Exploring the Abandoned World War II Marsiling Bunkers

“Trust me, this tree root will support you as you climb down,” explains our guide, Scott Tay, as he tugs at a tangled creeper to show it will take his weight. Surrounded by thick jungle foliage, Tay is standing at the lip of an overgrown and very slippery-looking hole: the entrance to a disused World War II bunker.

It’s the second, and larger, of the bunkers we visit. Both are part of the former Marsiling fuel depot and the basis for a quirky new tour by Tay’s Beyond Expeditions, which aims to help people experience “a wilder side of Singapore”.

Tay is true to his word – both in terms of the wildness and the root, which easily supports my weight as I use it to keep upright while slithering down the greasy slope. At the bottom, I find myself standing in a muddy puddle, the head torches of the other group members bouncing off the walls of the narrow tunnel that leads deeper into the complex.

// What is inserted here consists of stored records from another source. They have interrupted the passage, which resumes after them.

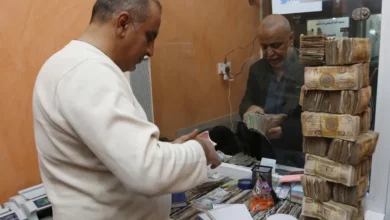 سعر صرف الدينار العراقي مقابل الدولار اليوم الأحد يعاود الانخفاض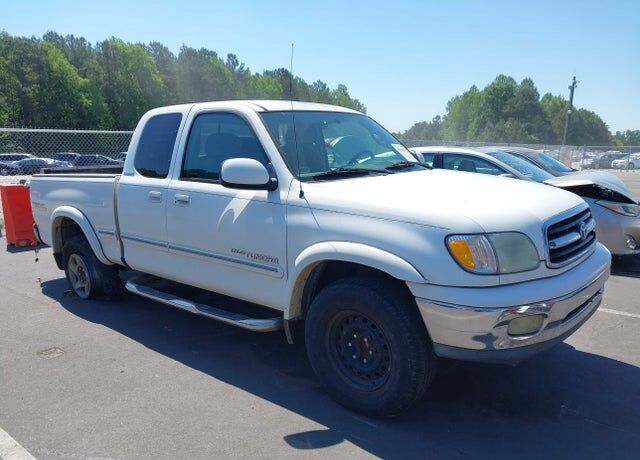 2002 TOYOTA Tundra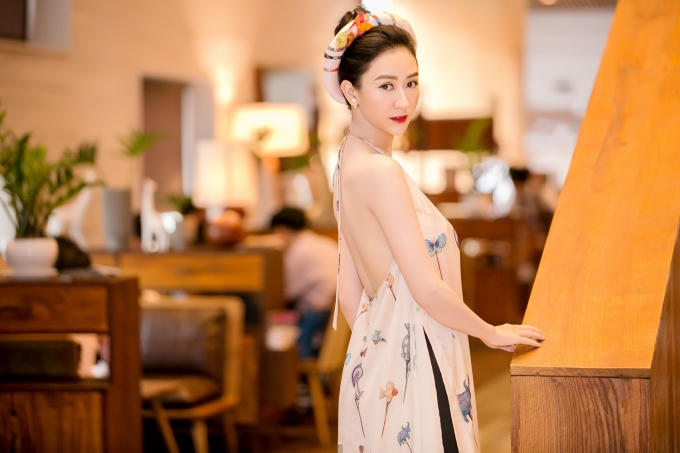 Diện &aacute;o d&agrave;i c&aacute;ch t&acirc;n, &Aacute; hậu H&agrave; Thu khiến bao người say đắm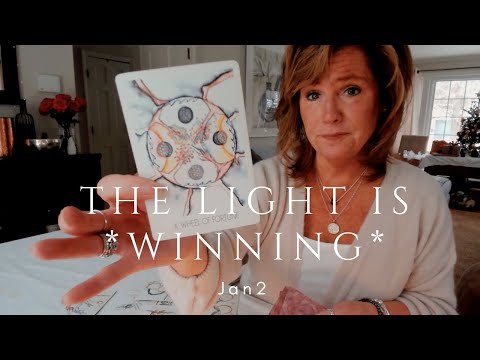 Your Daily Tarot Reading : The Light Is WINNING | Spiritual Path Guidance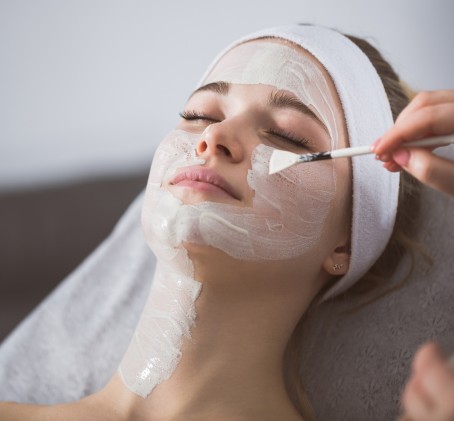 Лифтинг-массаж и очищение кожи лица от «Relax&SPA»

Constructed before World War II to fuel British Royal Air Force planes, these bunkers have been abandoned and mostly forgotten for decades, hidden away in a patch of jungle in northern Singapore overlooking the causeway to Malaysia. This is no carefully curated heritage tour, but rather a mini-adventure that has participants hiking through the jungle before battling mud and ankle-deep water to explore the partially derelict bunkers.